## Exercise goal
Using the data below, return word for word every line from the one holding "Nha Trang Jewelry" down to the one holding "Remplacement des filtres". Leave pictures out.

## Supplied material
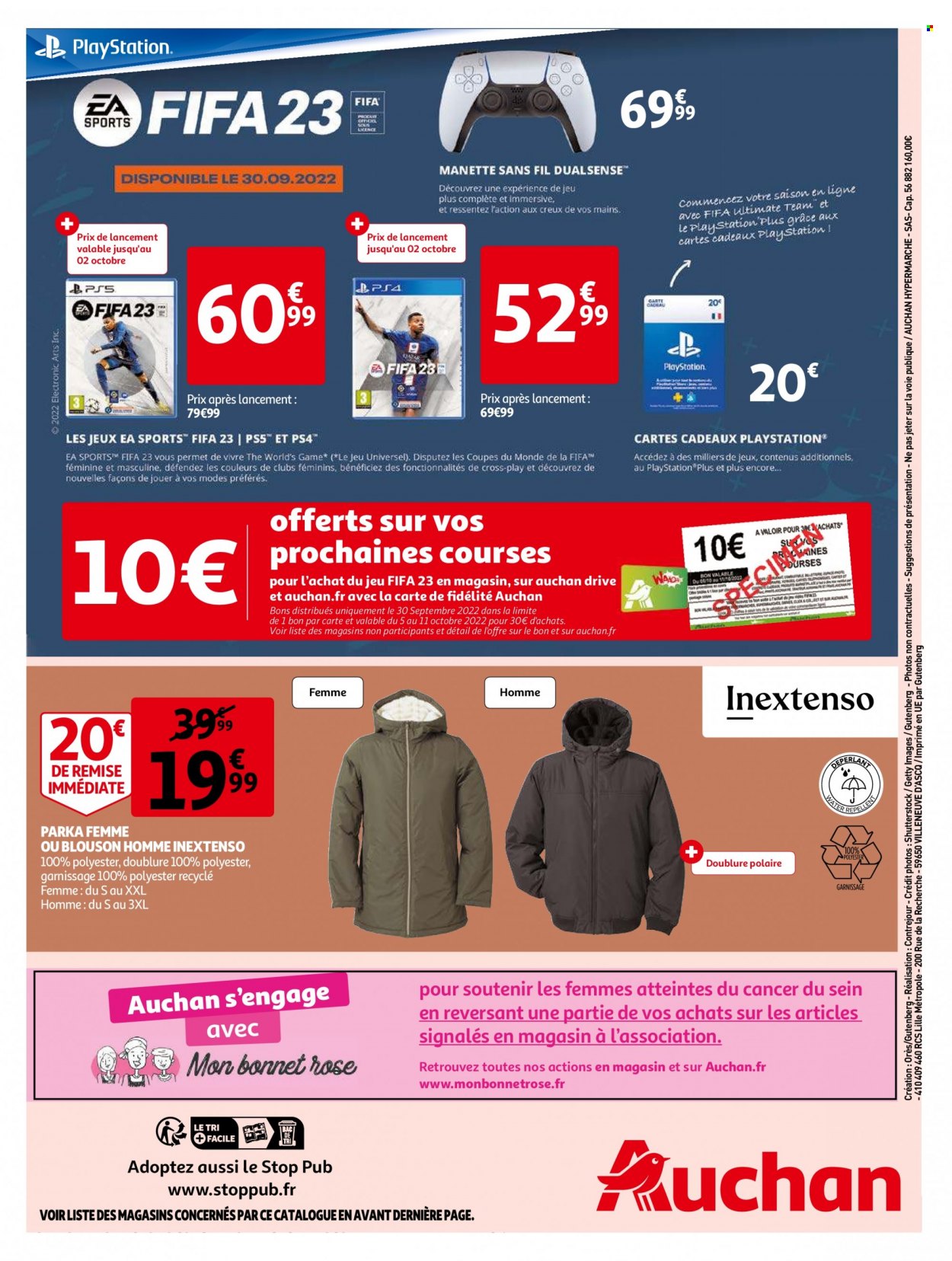 Catalogue Auchan - 28/09/2022 - 04/10/2022. Page 52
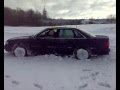 Audi quattro vs snow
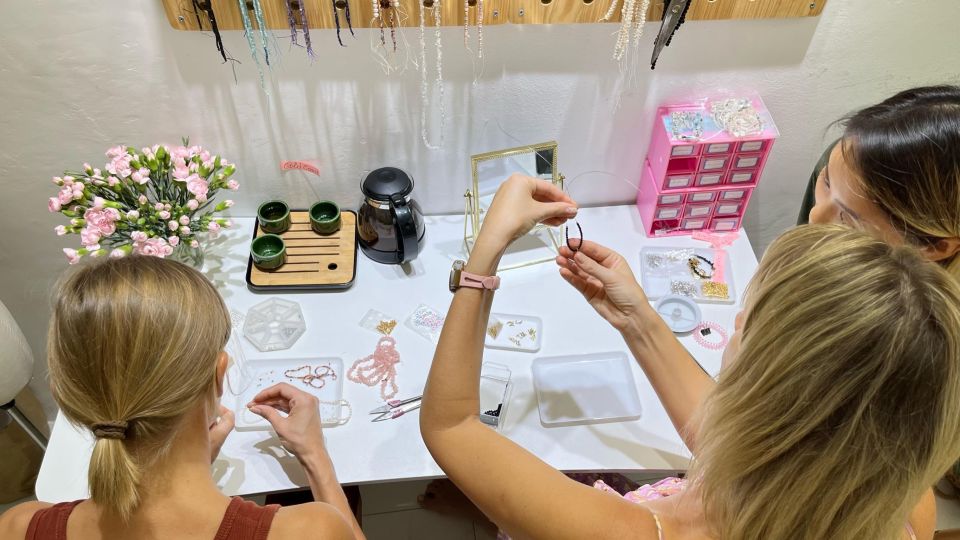 Nha Trang Jewelry Workshop - Upgrade Choices: Turning a Basic Ring into Anklets, Bracelets, or More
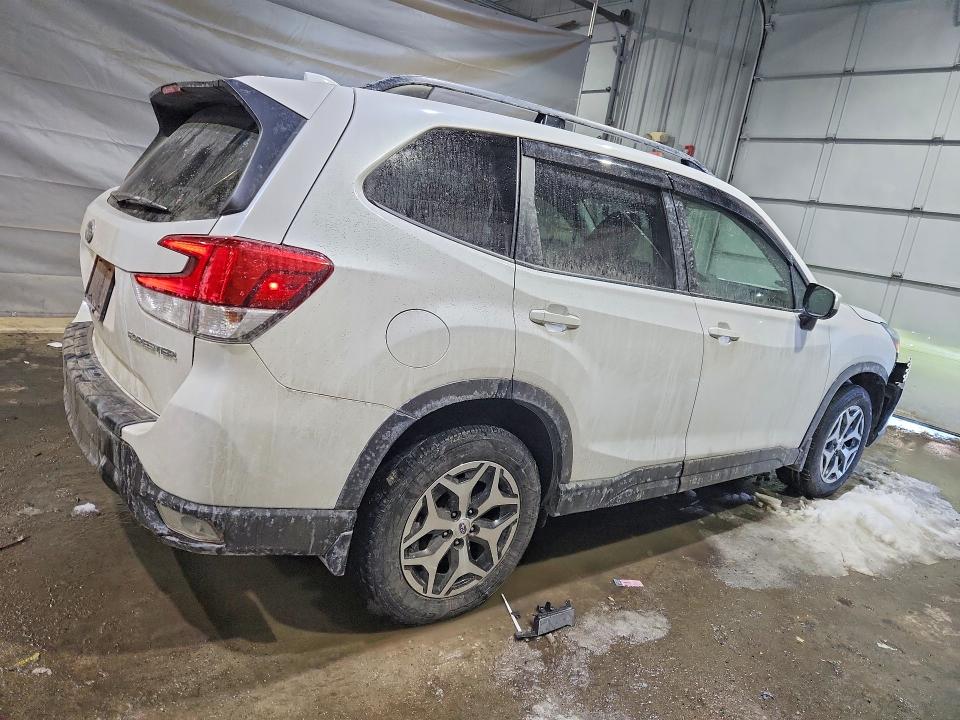 2019 Subaru Forester VIN JF2SKAGC6KH557882 COPART salvage auction — FRONT END, Nh - Cert Of Title-Salvage, sold $1,950 on 2026-07-02 (photo 3)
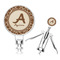 Giraffe Print Corkscrew (Personalized)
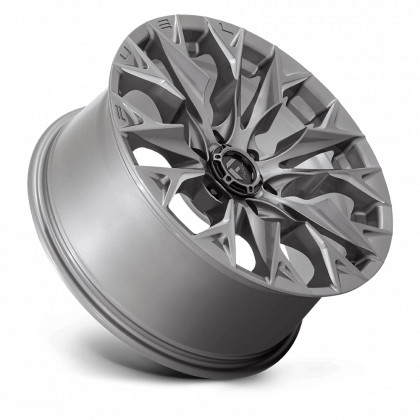 Alloy wheel D806 Flame Platinum Fuel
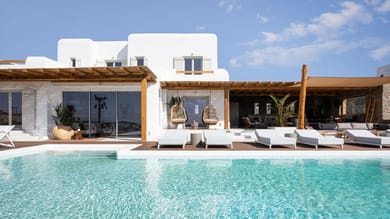 Villa Isla | 6 Bedrooms | Kalafatis
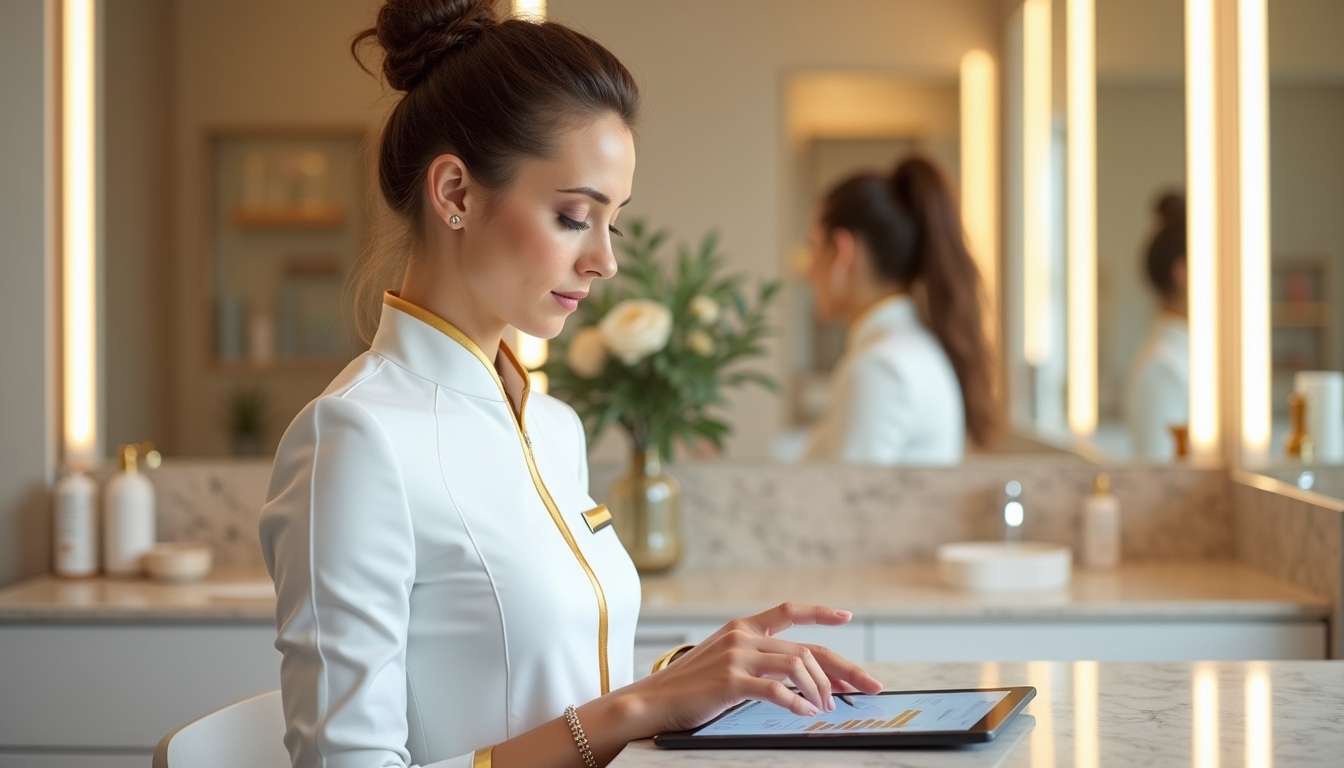 The Data-Driven Salon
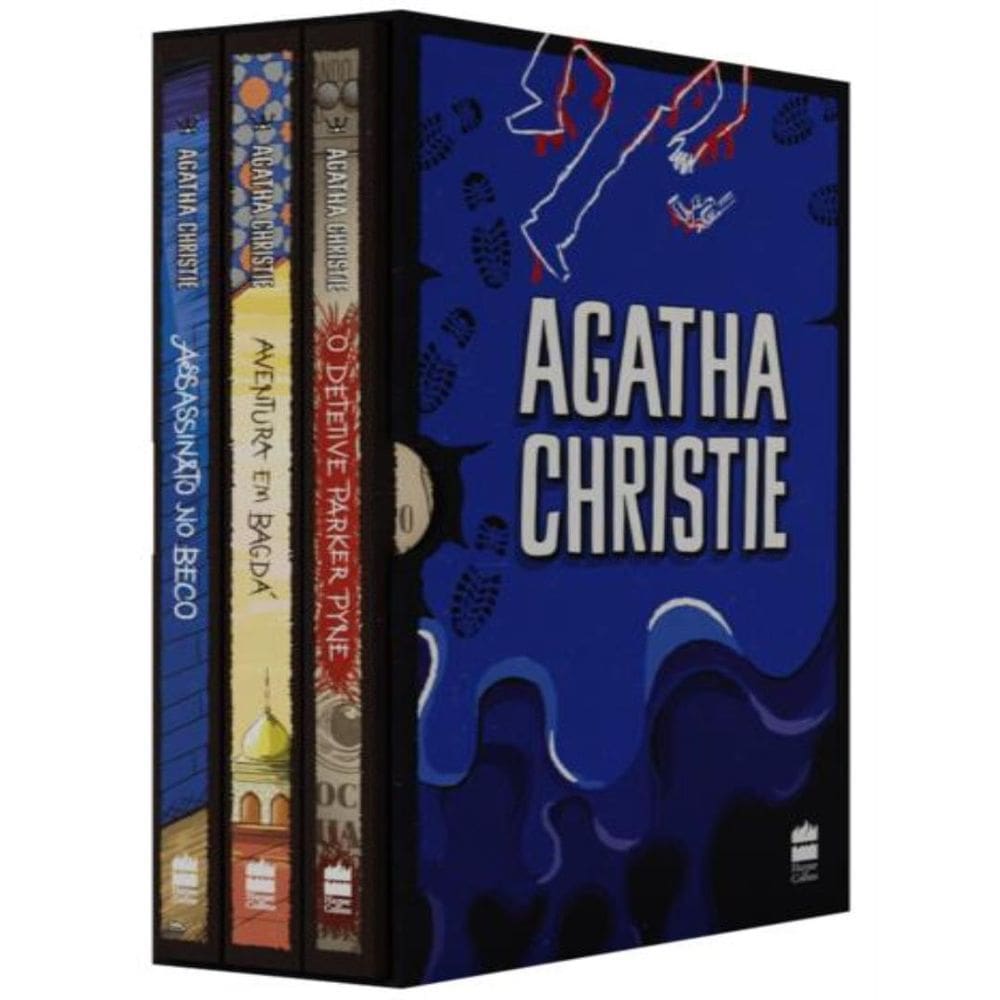 Colecao Agatha Christie - Box 9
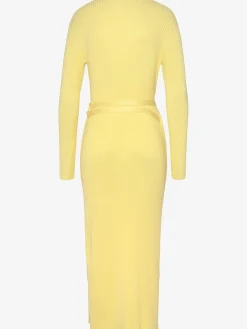 LASCANA Robes<Robe longue cache-cœur en tricot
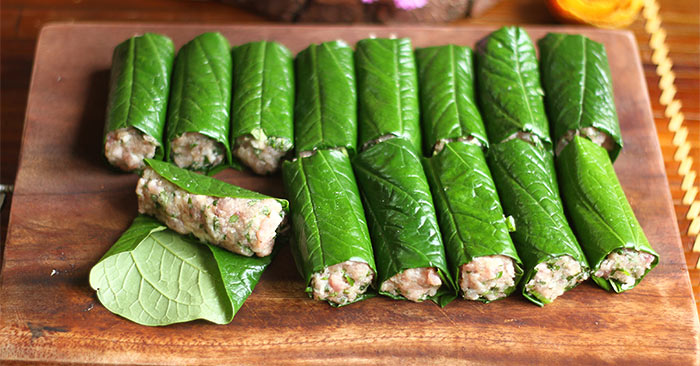 Instructions for Making Fish Cakes with Lolot Leaves: Key Facts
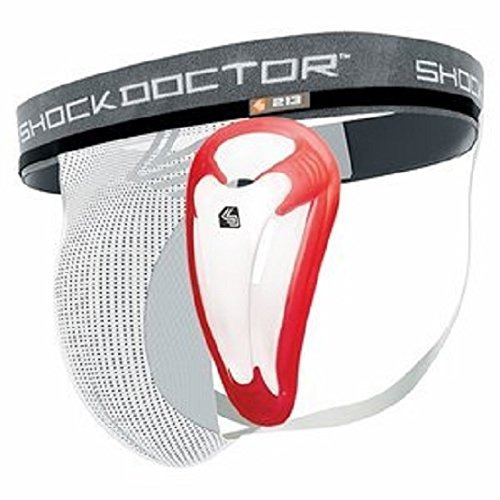 Shock Doctor Soporte Masculino Con Bioflex Cup (cintura Medi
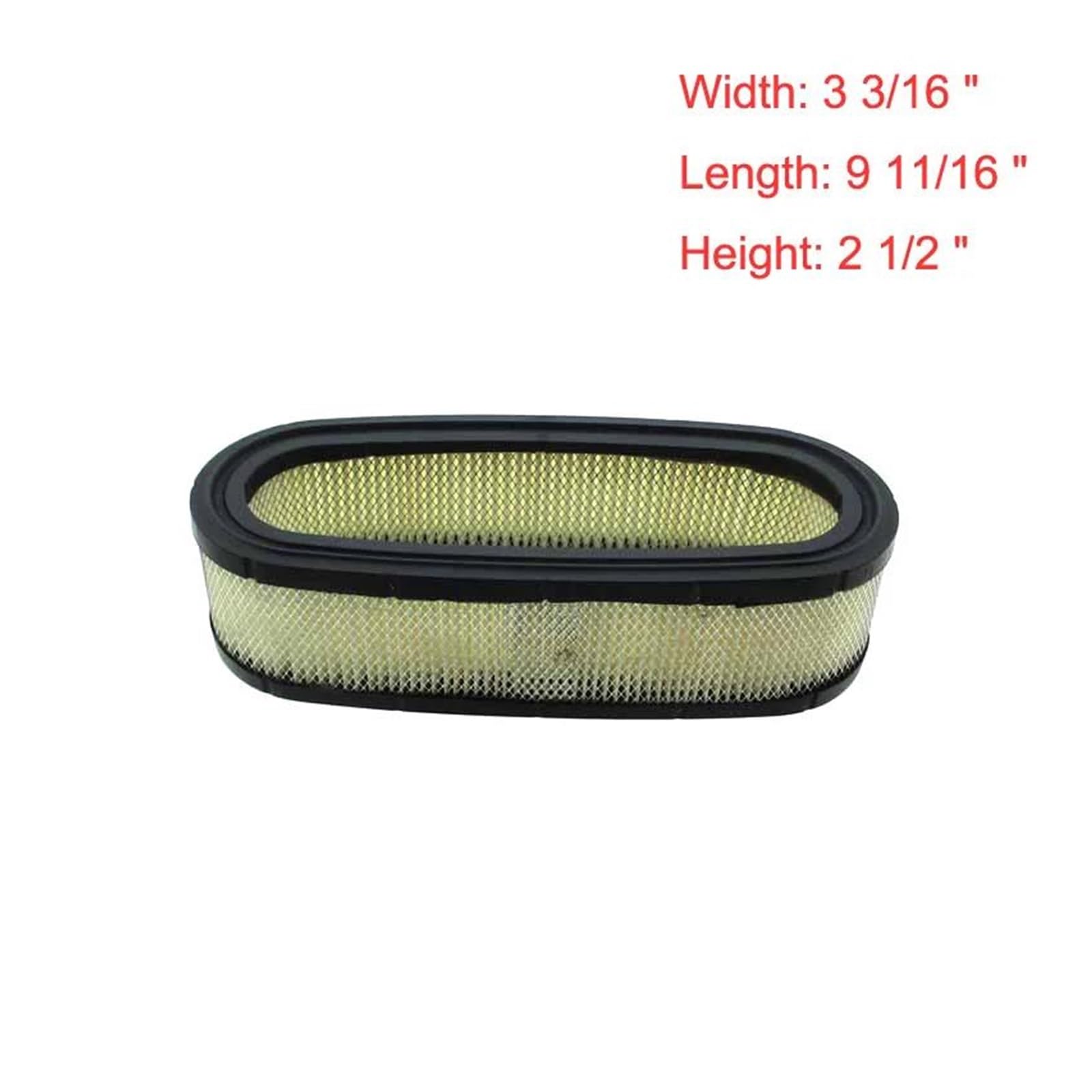Remplacement des filtres à air de tondeuse à gazon Filtre À Air Pour 398825 394019 394019S 5052H 5052K 4136 5052 400700-422700 40A700 42A700 460700 272490 27127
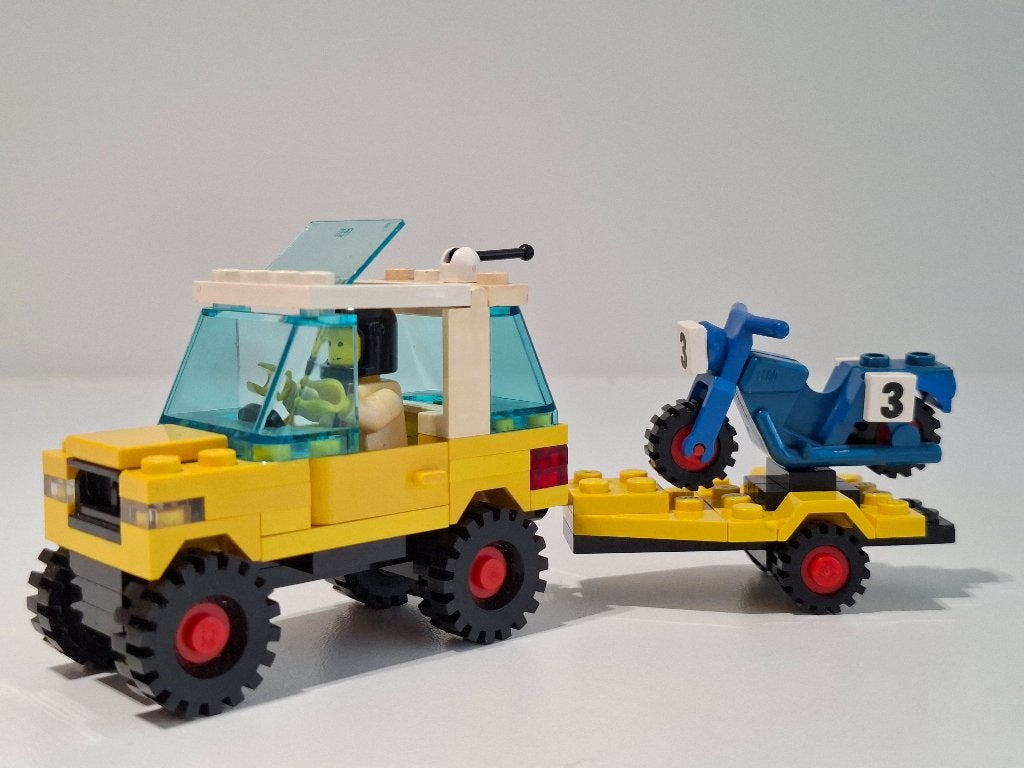 LEGO Motocross racing, Lego, Ensemble complet, Instructions incluses, Enlèvement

## Exercise output
 Nha Trang Jewelry Workshop - Upgrade Choices: Turning a Basic Ring into Anklets, Bracelets, or More
 2019 Subaru Forester VIN JF2SKAGC6KH557882 COPART salvage auction — FRONT END, Nh - Cert Of Title-Salvage, sold $1,950 on 2026-07-02 (photo 3)
 Giraffe Print Corkscrew (Personalized)
 Alloy wheel D806 Flame Platinum Fuel
 Villa Isla | 6 Bedrooms | Kalafatis
 The Data-Driven Salon
 Colecao Agatha Christie - Box 9
 LASCANA Robes<Robe longue cache-cœur en tricot
 Instructions for Making Fish Cakes with Lolot Leaves: Key Facts
 Shock Doctor Soporte Masculino Con Bioflex Cup (cintura Medi
Remplacement des filtres à air de tondeuse à gazon Filtre À Air Pour 398825 394019 394019S 5052H 5052K 4136 5052 400700-422700 40A700 42A700 460700 272490 27127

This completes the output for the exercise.